[Opening PROVIDED INFORMATION section]

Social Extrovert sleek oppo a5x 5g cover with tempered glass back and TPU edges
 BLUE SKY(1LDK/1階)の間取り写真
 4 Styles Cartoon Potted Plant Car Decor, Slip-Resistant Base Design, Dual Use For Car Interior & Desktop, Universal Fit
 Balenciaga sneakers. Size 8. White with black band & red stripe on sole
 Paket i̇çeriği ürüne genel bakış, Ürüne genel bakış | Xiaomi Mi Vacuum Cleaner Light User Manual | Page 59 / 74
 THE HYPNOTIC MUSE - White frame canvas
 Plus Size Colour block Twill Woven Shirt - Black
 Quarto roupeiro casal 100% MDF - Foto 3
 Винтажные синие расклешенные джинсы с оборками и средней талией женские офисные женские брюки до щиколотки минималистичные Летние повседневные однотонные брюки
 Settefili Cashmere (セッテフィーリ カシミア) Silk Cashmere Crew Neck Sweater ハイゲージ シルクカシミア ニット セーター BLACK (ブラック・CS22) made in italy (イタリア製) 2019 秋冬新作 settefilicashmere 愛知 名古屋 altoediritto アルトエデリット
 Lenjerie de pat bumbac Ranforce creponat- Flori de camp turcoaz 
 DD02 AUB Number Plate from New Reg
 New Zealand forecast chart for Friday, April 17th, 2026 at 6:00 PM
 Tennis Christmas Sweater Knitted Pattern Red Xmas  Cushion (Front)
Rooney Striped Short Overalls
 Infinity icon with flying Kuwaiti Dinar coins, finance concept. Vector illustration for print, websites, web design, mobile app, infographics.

[Closing PROVIDED INFORMATION section]

* **BRIEF**: Once the line containing "THE HYPNOTIC MUSE - White frame canvas" is found in the listing above, set down that line and every line after it, exactly.

* **REPLY TO THE TASK**:
 THE HYPNOTIC MUSE - White frame canvas
 Plus Size Colour block Twill Woven Shirt - Black
 Quarto roupeiro casal 100% MDF - Foto 3
 Винтажные синие расклешенные джинсы с оборками и средней талией женские офисные женские брюки до щиколотки минималистичные Летние повседневные однотонные брюки
 Settefili Cashmere (セッテフィーリ カシミア) Silk Cashmere Crew Neck Sweater ハイゲージ シルクカシミア ニット セーター BLACK (ブラック・CS22) made in italy (イタリア製) 2019 秋冬新作 settefilicashmere 愛知 名古屋 altoediritto アルトエデリット
 Lenjerie de pat bumbac Ranforce creponat- Flori de camp turcoaz 
 DD02 AUB Number Plate from New Reg
 New Zealand forecast chart for Friday, April 17th, 2026 at 6:00 PM
 Tennis Christmas Sweater Knitted Pattern Red Xmas  Cushion (Front)
Rooney Striped Short Overalls
 Infinity icon with flying Kuwaiti Dinar coins, finance concept. Vector illustration for print, websites, web design, mobile app, infographics.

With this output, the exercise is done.